North Korean leader Kim Jong Un may be rushing to develop a rocket capable of carrying a military reconnaissance satellite as a bargaining chip to use if former U.S. President Donald Trump returns to the White House, a U.S. think tank said Tuesday.
A day after North Korea's latest bid to put a spy satellite into orbit failed, the Center for Strategic and International Studies said Kim's tight time line for developing satellite launch vehicles could be "related to his positioning (for) a future deal with Trump."
CSIS said in its analysis that a deal could include a moratorium on long-range rocket launches in return for sanctions relief and de facto acceptance of North Korea possessing an arsenal of nuclear weapons.

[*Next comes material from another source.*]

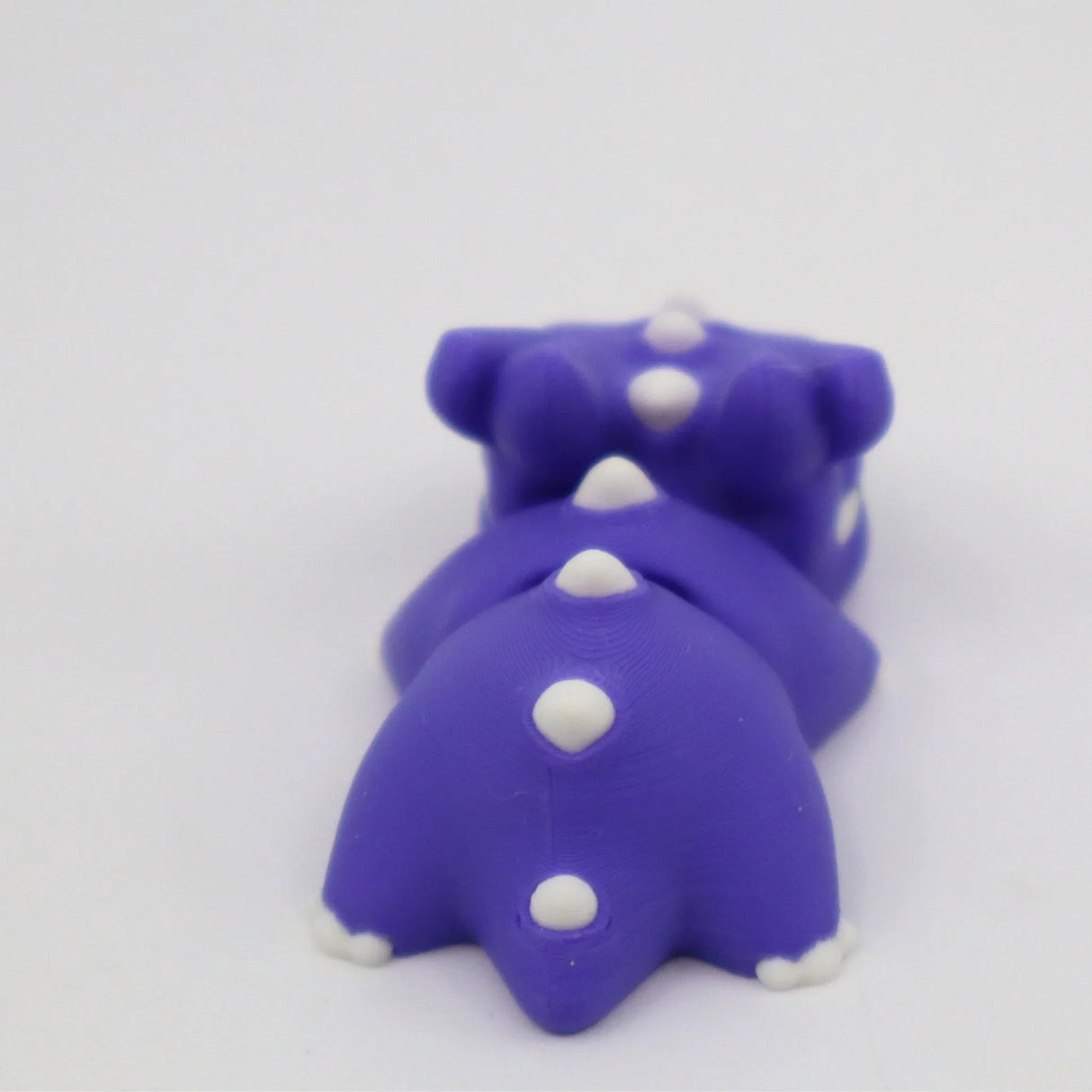 Purple 3D printed dinosaur sensory toy with white spikes on a white background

Trump, the presumptive Republican nominee for the Nov. 5 presidential election, met Kim three times in person while he was in the White House as part of efforts to end North Korea's nuclear weapons program.
Trump has gone on to speak highly of his relationship with Kim throughout his 2024 presidential campaign.
North Korean state media said a new satellite-carrying rocket exploded shortly after it was launched Monday night, apparently due to an engine problem.
After two failures, North Korea placed its first military reconnaissance satellite into orbit in November last year and said it would launch three more this year.
The Washington-based think said it believes the rocket was not a new type and the failed launch presumably involved modifications to the engine of the existing Chollima-1 SLV.
"Such failures are not unexpected in the process of refining launch capabilities," it said. "If North Korea can persevere through the next two announced launches, absorb and implement the lessons of its failures and refine the Chollima-1 design, it is likely to produce a reliable SLV by this time next year."
State Department spokesman Matthew Miller said Tuesday the United States condemns North Korea's fourth SLV launch attempt in the space of a year in defiance of multiple U.N. Security Council resolutions banning Pyongyang from testing any ballistic missile technology.
Miller said the United States has been in close consultation with Japan and South Korea over the launch.